Edinburgh’s Guinness PRO14 game against Munster at Thomond Park on Saturday is in doubt after the Irish province suspended training until Thursday due to a positive Covid-19 test.
A “senior player” who did not travel with the Irish province’s squad to last weekend’s game against Scarlets in Wales has tested positive and six other players have been identified as close contacts.
It’s another example of the unexpected difficulties of playing through a pandemic although Edinburgh head coach Richard Cockerill will carry on as if nothing is happening.
“Our medics are talking to Munster and the PRO14, and that’s not for me to get involved in, I’ve got enough to deal with,” he said.
“From a rugby point of view, myself and Johann (van Graan) are just trying to get teams ready to go out to play and we don’t need to get involved in these conversations. We’ll prepare our teams and someone will tell me later in the week whether we can play or not.”
Edinburgh are likely to be pared to the bone in personnel once the international windows starts next week, and Cockerill added that “19 positive tests and I reckon we won’t be playing because there’ll be nobody left”.
“We’re going to have to navigate our way through it as best we can. We’ve just got to attack it full on and roll with the punches. It’s going to be a very stop-start season by the looks of it.”
Cockerill is also having to regroup his squad after last week’s dispiriting loss to Ospreys at Murrayfield, their fourth defeat in a row.
“Off the back of that we now have to go to Thomond Park and get points off Munster, we don’t make things easy for ourselves, do we?” he added.
Cockerill felt that Ospreys senior men, Alun Wyn Jones and Justin Tipuric, took responsibility for their game in a way his senior players didn’t.
“My experience of working here and with other teams is that the Scottish guys are quieter and a bit more subdued,” he said. “They’re good guys and they work hard but they’re not natural, overt personalities or leaders.
“So we’ve got to keep working on that. They’ve got the knowledge. We’ve just got to get it out of them in the key bits to manage certain situations.
“We’ve got to get back on the training field and realise it’s just one game.
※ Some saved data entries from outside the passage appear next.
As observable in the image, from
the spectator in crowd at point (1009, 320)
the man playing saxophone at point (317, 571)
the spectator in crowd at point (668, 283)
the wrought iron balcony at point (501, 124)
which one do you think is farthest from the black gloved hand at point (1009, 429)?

I have to coach them better and get them better, because we’ve got eight weeks coming up without our test guys, whatever that looks like.
“There are some good age grade lads in our group who will get opportunities and they’re going to get the chance to play. The next eight weeks is going to tough for all sorts of reasons but if we go and win at Thomond at the weekend it’ll turn the momentum, and if we win the next seven or eight games without most of our team, then the whole world looks different.”
Charlie Shiel, Luke Crosbie, Blair Kinghorn and Henry Pyrgos will all be missing this week, but Rory Sutherland, Duhan van der Merwe and Nic Groom have all returned to training and should be available.